Jeffords appreciates the love and support from all over the world for her best friend.
“It is amazing to see all these people come from all over the world to support the family,” she said.
Jeffords has recently gotten out of the US Army. She served over seven years.
Meagan Oas grew up with Devin, and they were very close.
“We did indoor track and had all the same classes,” she said. “We graduated together. She was part of the whole group, and a phenomenal athlete. She was an outstanding student, and all around great person.”
Oas has come to every single Ride to Remember event.
“This year is harder than the others. It makes it five years since she has been gone,” she said. “We celebrate her life at the same time we remember her death. This is what happens when you live in a small town.”
Edward Snyder said one of the worst parts of Devin’s death is her never getting to know her niece Kinsley.
“It is not something a father wants to hear,” he said. “I won’t ever get to walk her down the aisle, or watch her have a family of her own. That is why we do this. We try to keep her name alive.”
Edward Snyder spoke to Devin on Facebook the morning of her death.
“She knew something was wrong that day. She seemed down,” he said. “She wasn’t suppose to be there. She was picked to go on the mission, because the guy who was suppose to go got sick.”
Edward Snyder spoke about the pain of having the ride on the same day of her death.
“This is the day we got the knock on the door,” he said. “There were two US Army soldiers at our door in full uniform. Once you see them knock on the door you know why they are there.”
Wayland-Cohocton coach Jeff Englert was Devin’s coach from eighth grade until 12th grade.
“This is a wonderful foundation,” he said to the crowd. “Thank you all from the bottom of my heart for participating. Devin is looking down on us and smiling. She had a passion for law enforcement and veterans.”
Englert mentioned the family wants to expand and honor law enforcement and veterans.
“It was 5-years-ago on this very day we lost our beloved Devin,” he said. “We come to honor Devin and all those who gave their lives.”
Bob Fleishman knew Devin her whole life, and his daughter Mallory was very close to her. Fleishman provided his special Bob-E-Que to help with the meal.
“It was a tragic thing when she was killed,” he said. “My daughter and Devin did all the sports together.”
Englert added it is important to keep her memory alive.
“She wanted to be a trooper, so that is why the foundation honors law enforcement, but we want to expand our brand.” he said. “We want to touch more than law enforcement.”
Post Commander Kevin Mark pressed how important this ride is, and how you can tell the entire community puts its whole heart into it.
“This is another year to honor Devin,” he said. “In the future we want to branch out to other legions and veteran organizations, so we can turn this into a bigger event. We want to honorother veterans too.”
Some future projects may include Field of Flags and Faces of the Fallen.

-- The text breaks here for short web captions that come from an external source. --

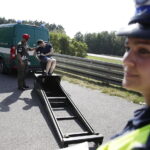 11.08.2017 Miedziana Góra. Policyjna akcja Bezpieczny Weekend. Policja sprawdza czy kierowcy mają zapięte pasy. Kierowcy mogli przetestować symulator zderzenia. / Jarosław Kubalski - Radio Kielce / Akcja policji Bezpieczny Weekend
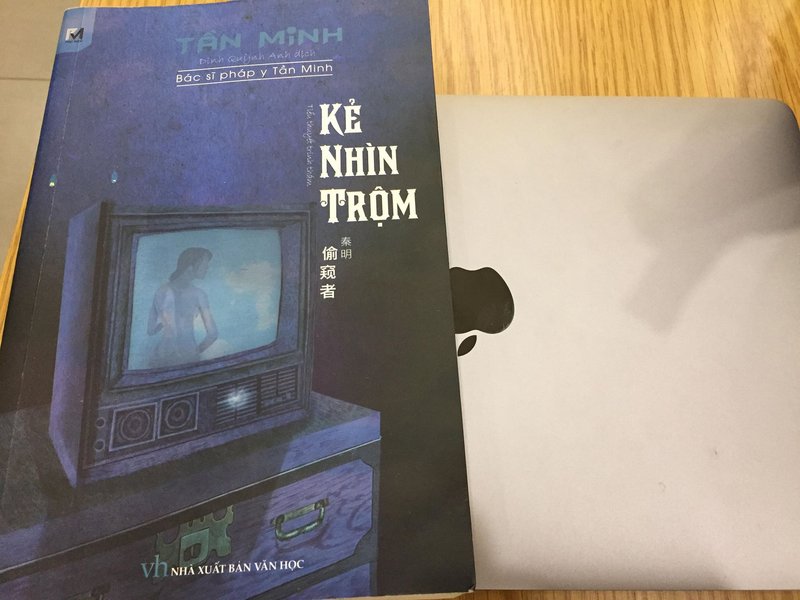 giai-ma-tam-ly-ke-am-anh-review-sach-ke-nhin-trom-phap-y-tan-minh-doctruyenngontinh-org-4-2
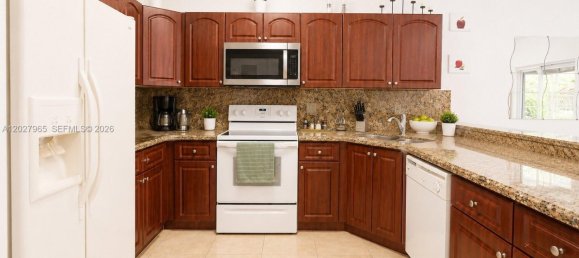 3 dormitorios villa en venta en Miami, Miami-Dade, Florida, USA № 615220 21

“This is everything Devin represented. We want to spread our arms and touch as many lives as we can,” Englert said. “We want to make lives better.”
Wayland-Cohocton Central Assistant Coach Rich Saxton loved Devin, and knew her as a distant runner.
“She was the one I tried the hardest to get to go into cross-country, but she refused to leave soccer,” he said. “Devin meant a lot to me. When I first saw her she was twiggy, a skinny girl with long legs and big glasses. She blossomed into a beautiful woman. She was a tough competitor. I am really proud when she won a medal her senior year.”
It is easy to remember a person like Sgt. Devin Snyder and for as long as they have breath this community will keep her legacy alive.